Risks and regulations

 

Wonderful trenchant article on the surface, but the real story lies just below ground (“Coal company bankruptcies jeopardize reclamation,” HCN, 1/25/16). The article mentioned the various methods that are used to ensure a mine site would be cleaned up in the future, i.e., surety bonds, letters of credit, cash deposits, etc. As a young bank officer, my first letter of credit was provided to the San Diego Port Authority on behalf of  Trans World Airlines just prior to their third and final bankruptcy. It was secured, dollar for dollar, by $25 million of cash held at my bank. Logically, that was the only way to ensure future performance in the event of bankruptcy.


Yet later upon my arrival in the American West, I discovered that concerns regarding performance risks had been cast aside. I could ensure to the satisfaction of any number of state regulatory bodies (e.g. Colorado, Idaho, and Wyoming) that mine reclamation would be completed simply by providing a short-term standby-letter of credit. All of us bankers knew that the financial instruments we were using to support future reclamation were short-term, and further, that the actual history of reclamation in the American West made clear that we could all easily avoid liability either now or in the distant future.

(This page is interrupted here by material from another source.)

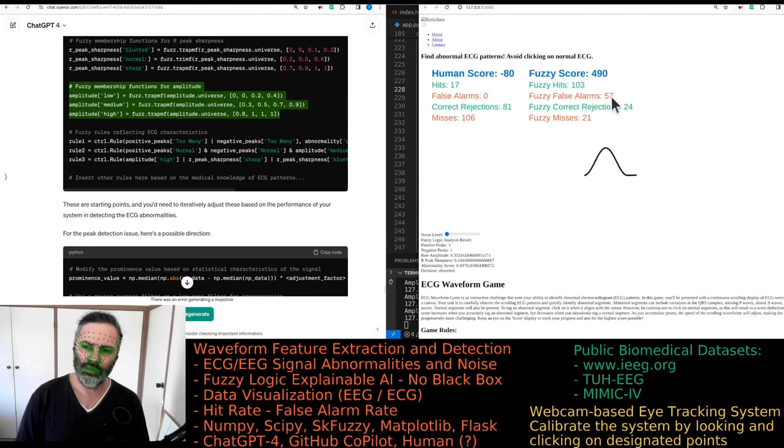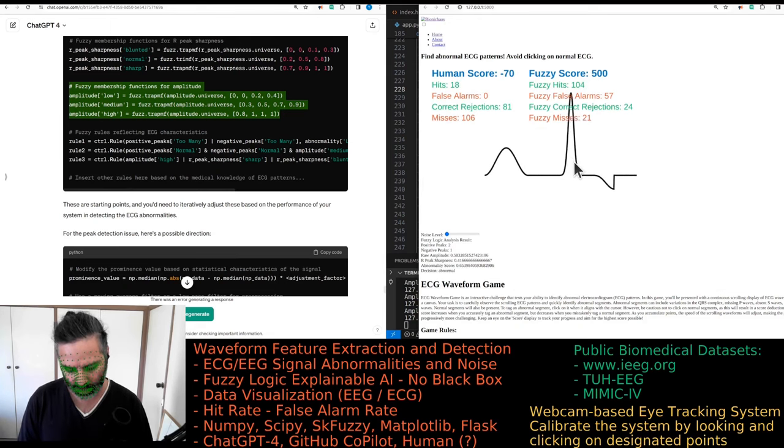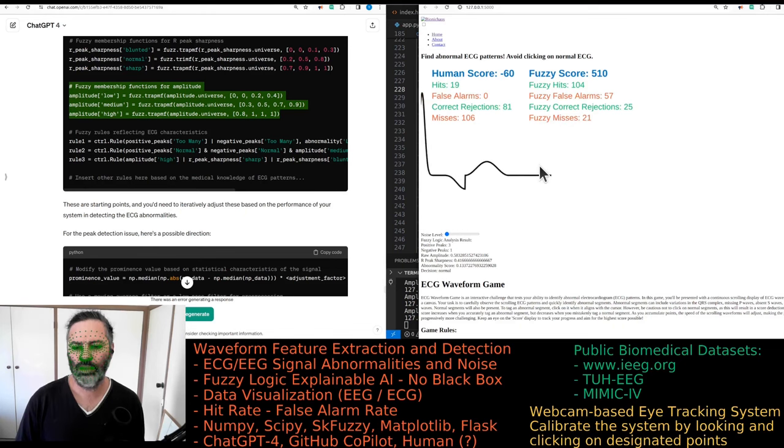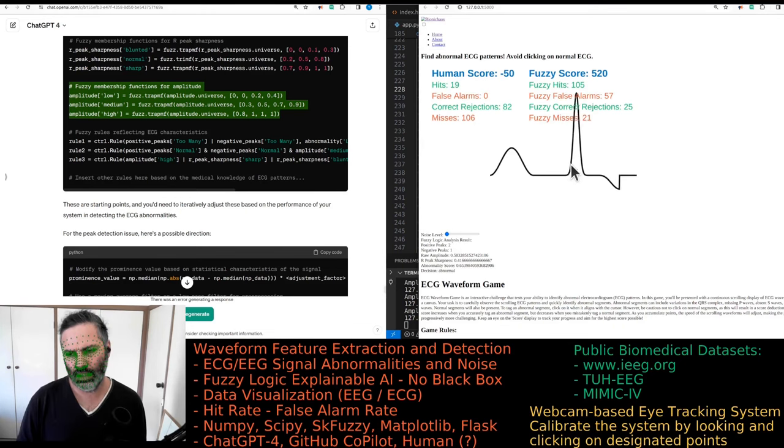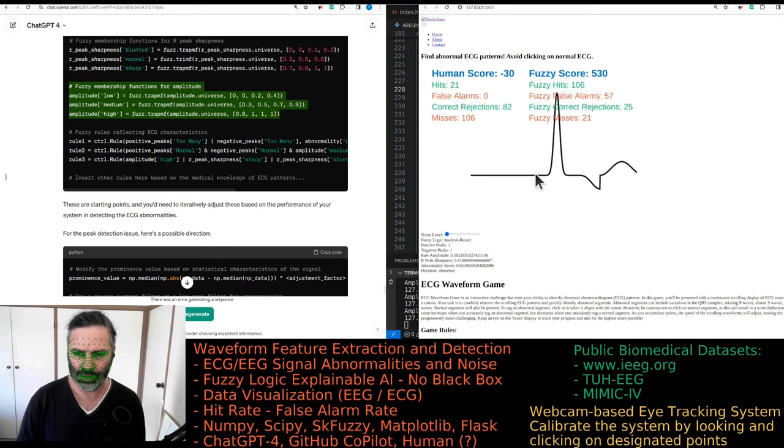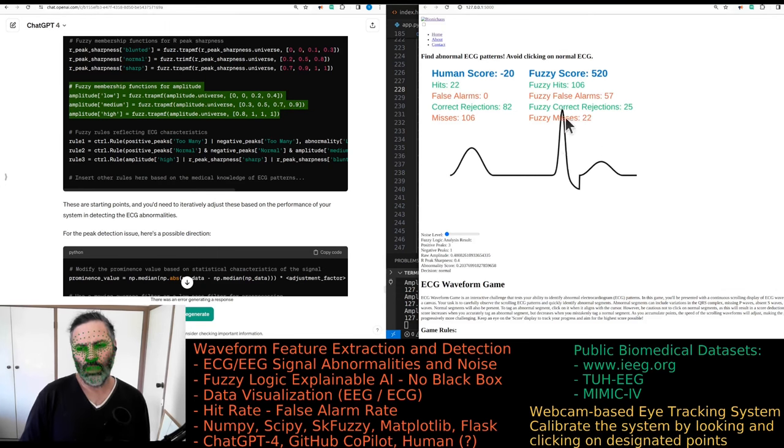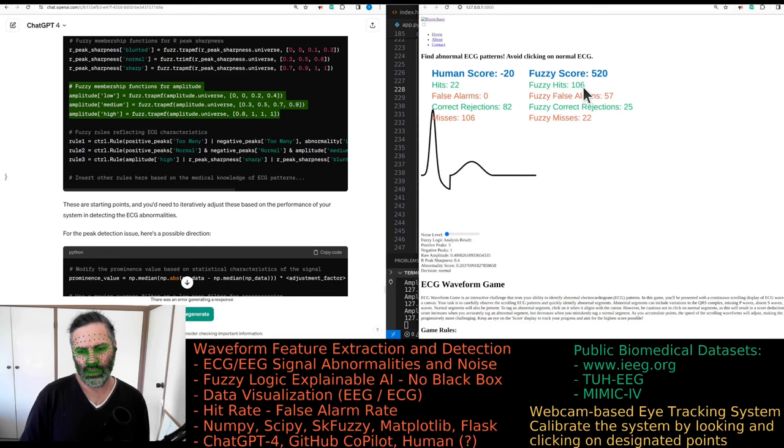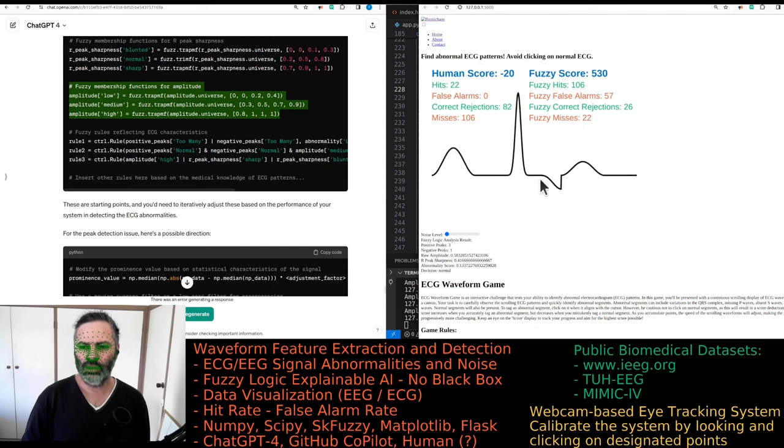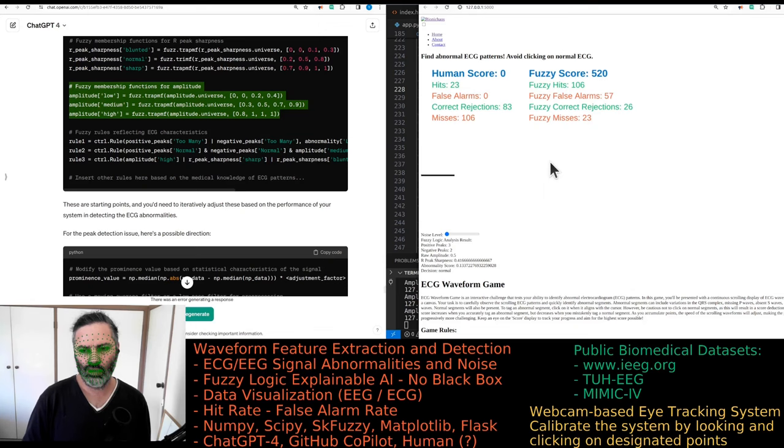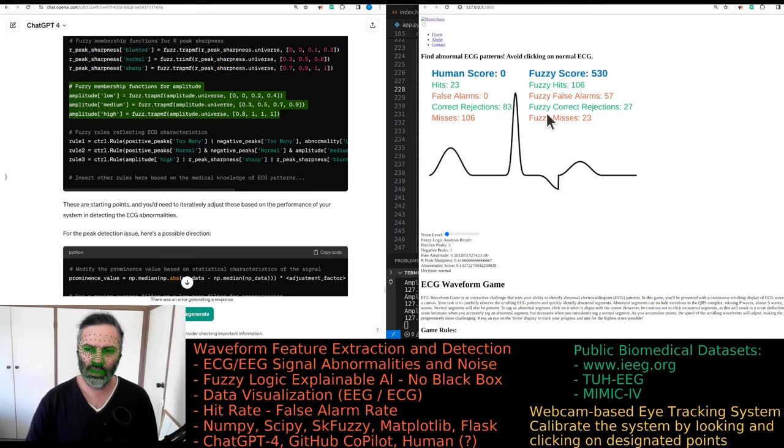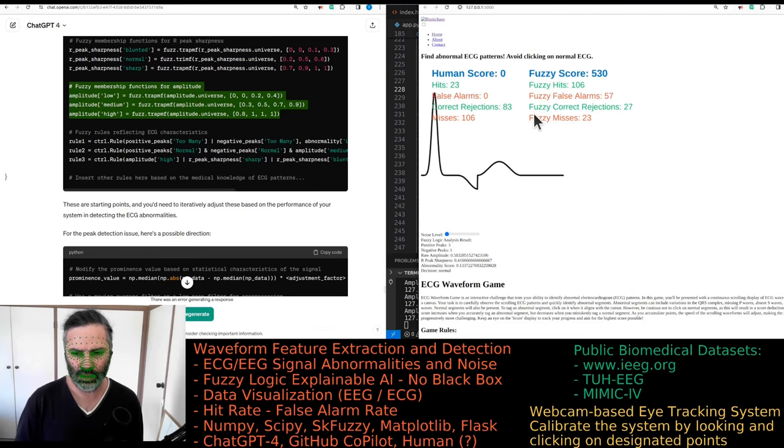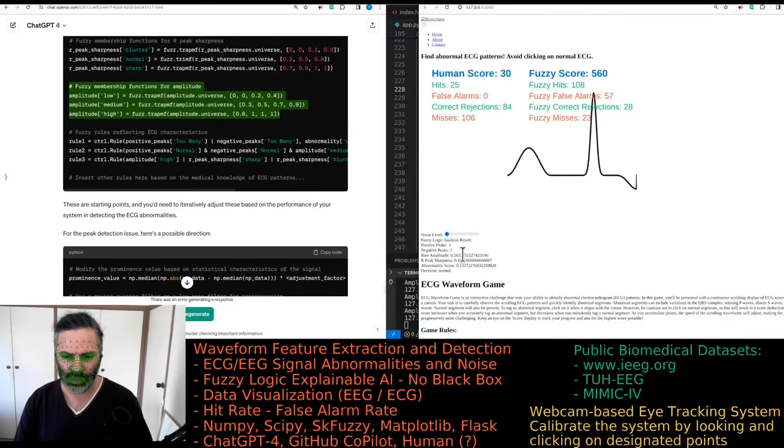So we have no noise. The fuzzy logic is doing pretty good. I think it might not be making any mistakes whatsoever. For the demo we might just add a low amount of noise where it does make mistakes sometimes. No, I just missed, so it was an abnormal waveform and it didn't click on it.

We also knew that the risks implicit in any mining operation were categorically broad, i.e., they involved commodity, transportation, personnel, economic, political and environmental risks, and therefore, necessitated the provision of cash held in trust as the only rational means available to offset performance risks and ensure future mine remediation.
The reclamation decisions that have been made, and are being made today, remain grounded on local jobs and corporate profits — not future reclamation.